Recently elasticsearch has released the Machine learning feature in May 2017 , the machine learning features of X-Pack are focused on providing “Time Series Anomaly Detection” capabilities using unsupervised machine learning.
Use case :
It is always a challenge to determine the anomaly from the large set of unstructured logs . In SAP HANA environment there are different HANA components whose logs will be usually huge, where finding anomalies from each component is quite challenging . As a extension of our Open ITOA we want to use capabilities of ML in ELK and find the anomalies from a huge set of log files from a live SAP HANA environment .
We have collected 3 months of logs of the following components from the HANA server.
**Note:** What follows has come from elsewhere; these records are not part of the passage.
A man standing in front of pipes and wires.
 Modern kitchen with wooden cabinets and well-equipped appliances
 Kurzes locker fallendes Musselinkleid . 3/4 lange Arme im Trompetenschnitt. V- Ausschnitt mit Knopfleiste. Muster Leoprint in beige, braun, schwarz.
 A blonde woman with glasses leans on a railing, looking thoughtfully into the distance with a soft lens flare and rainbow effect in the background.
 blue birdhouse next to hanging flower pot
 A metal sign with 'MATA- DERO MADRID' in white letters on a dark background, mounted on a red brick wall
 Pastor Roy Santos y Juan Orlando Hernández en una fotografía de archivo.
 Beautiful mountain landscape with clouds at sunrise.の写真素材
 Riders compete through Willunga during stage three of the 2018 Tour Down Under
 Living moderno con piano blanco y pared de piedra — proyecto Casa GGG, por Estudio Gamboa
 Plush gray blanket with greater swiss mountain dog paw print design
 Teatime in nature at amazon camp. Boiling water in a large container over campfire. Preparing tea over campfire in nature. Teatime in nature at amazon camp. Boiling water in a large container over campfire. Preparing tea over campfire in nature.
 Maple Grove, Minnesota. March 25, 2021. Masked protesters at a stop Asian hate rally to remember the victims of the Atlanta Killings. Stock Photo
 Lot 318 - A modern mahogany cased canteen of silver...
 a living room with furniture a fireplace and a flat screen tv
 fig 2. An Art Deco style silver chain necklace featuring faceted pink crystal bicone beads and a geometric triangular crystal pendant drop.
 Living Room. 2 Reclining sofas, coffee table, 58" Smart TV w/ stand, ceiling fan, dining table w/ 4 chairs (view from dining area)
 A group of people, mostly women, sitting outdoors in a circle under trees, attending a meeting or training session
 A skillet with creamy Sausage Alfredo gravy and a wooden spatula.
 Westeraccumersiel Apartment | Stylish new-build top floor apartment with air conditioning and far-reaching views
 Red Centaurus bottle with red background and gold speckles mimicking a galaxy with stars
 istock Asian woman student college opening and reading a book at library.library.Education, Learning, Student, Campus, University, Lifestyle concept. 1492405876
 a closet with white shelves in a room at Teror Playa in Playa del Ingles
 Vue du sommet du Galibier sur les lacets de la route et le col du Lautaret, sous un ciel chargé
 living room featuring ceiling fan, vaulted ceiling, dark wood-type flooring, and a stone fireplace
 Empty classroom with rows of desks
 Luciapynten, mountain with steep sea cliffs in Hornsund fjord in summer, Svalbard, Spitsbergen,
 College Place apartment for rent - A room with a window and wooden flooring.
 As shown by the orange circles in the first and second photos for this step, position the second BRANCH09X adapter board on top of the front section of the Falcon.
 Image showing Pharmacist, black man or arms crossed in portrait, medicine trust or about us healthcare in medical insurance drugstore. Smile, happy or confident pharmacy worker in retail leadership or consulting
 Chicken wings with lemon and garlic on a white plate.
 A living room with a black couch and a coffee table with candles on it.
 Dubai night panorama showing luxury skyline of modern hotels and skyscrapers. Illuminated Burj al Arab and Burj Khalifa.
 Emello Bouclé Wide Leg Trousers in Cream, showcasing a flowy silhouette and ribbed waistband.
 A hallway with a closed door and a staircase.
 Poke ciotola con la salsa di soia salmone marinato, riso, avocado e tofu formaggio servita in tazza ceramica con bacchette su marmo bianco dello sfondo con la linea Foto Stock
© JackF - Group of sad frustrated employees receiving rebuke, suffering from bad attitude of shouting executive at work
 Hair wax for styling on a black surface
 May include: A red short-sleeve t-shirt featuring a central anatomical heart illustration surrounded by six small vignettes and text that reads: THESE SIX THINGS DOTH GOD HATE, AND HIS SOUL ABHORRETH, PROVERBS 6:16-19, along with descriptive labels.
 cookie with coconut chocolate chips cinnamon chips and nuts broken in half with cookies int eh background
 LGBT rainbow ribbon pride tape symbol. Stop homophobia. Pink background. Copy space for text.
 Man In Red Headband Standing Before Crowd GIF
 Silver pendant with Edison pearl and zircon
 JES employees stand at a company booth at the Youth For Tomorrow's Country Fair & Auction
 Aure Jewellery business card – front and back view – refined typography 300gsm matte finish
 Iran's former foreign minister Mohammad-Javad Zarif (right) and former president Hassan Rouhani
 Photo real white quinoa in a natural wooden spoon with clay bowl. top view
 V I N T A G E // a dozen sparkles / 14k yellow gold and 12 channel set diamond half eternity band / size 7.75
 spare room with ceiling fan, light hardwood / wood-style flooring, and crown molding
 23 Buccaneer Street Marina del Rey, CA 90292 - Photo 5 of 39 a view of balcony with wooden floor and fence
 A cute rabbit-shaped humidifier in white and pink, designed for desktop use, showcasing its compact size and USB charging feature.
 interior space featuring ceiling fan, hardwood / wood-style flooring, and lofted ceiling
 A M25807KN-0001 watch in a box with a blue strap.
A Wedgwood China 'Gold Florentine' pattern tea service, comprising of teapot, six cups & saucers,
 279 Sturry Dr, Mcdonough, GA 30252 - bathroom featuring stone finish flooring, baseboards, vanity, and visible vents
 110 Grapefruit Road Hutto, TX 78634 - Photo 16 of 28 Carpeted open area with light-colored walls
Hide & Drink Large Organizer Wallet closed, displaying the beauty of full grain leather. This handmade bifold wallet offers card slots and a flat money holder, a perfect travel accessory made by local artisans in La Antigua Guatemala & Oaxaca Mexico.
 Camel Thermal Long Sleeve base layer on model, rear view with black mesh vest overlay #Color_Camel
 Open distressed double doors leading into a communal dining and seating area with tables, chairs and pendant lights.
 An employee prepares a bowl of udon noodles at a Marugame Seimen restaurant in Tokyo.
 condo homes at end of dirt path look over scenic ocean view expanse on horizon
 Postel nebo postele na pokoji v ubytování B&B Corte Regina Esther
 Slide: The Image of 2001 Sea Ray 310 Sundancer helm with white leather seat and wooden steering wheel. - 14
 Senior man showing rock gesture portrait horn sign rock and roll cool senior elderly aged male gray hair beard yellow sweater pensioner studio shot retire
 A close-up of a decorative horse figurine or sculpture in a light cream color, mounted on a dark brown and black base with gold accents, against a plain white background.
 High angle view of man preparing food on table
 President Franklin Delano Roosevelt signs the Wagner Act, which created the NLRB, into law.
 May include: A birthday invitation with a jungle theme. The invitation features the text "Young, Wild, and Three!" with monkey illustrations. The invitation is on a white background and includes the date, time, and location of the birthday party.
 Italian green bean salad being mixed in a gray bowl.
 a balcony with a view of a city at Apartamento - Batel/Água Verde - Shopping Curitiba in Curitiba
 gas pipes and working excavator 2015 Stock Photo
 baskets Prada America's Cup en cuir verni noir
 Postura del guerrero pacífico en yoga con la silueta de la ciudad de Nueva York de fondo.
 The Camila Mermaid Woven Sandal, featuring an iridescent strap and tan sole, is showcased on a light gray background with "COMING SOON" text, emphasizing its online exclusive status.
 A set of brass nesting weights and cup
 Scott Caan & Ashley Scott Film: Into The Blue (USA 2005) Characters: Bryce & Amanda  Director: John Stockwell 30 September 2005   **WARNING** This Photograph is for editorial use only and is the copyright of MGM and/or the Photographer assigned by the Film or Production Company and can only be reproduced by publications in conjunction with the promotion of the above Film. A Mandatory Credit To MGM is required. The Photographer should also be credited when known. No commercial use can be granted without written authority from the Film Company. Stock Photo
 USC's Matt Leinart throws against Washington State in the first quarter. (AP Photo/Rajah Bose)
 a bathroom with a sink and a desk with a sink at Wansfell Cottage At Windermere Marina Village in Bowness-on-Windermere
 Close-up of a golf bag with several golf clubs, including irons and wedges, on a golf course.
You can use machine learning to observe the static parts of the message, cluster similar messages together, and classify them into message categories. The machine learning model learns what volume and pattern is normal for each category over time. You can then detect anomalies and surface rare events or unusual types of messages by using count or rare functions
The rare functions detect values that occur rarely in time or rarely for a population.It detects anomalies according to the number of distinct rare values.
How ELK ML works ?
There are few concepts that are core to machine learning in X-Pack. Understanding these concepts from the outset will tremendously help .
Machine learning jobs contain the configuration information and metadata necessary to perform an analytics task.
Jobs can analyze either a one-off batch of data or continuously in real time. Datafeeds retrieve data from Elasticsearch for analysis. Alternatively you can POST data from any source directly to an API.
As part of the configuration information that is associated with a job, detectors define the type of analysis that needs to be done. They also specify which fields to analyze. You can have more than one detector in a job, which is more efficient than running multiple jobs against the same data.
The X-Pack machine learning features use the concept of a bucket to divide the time series into batches for processing. The bucket span is part of the configuration information for a job. It defines the time interval that is used to summarize and model the data. This is typically between 5 minutes to 1 hour and it depends on your data characteristics. When you set the bucket span, take into account the granularity at which you want to analyze, the frequency of the input data, the typical duration of the anomalies, and the frequency at which alerting is required.
Machine learning nodes
A machine learning node is a node that has xpack.ml.enabled and node.ml set to true, which is the default behavior. If you set node.ml to false, the node can service API requests but it cannot run jobs. If you want to use X-Pack machine learning features, there must be at least one machine learning node in your cluster.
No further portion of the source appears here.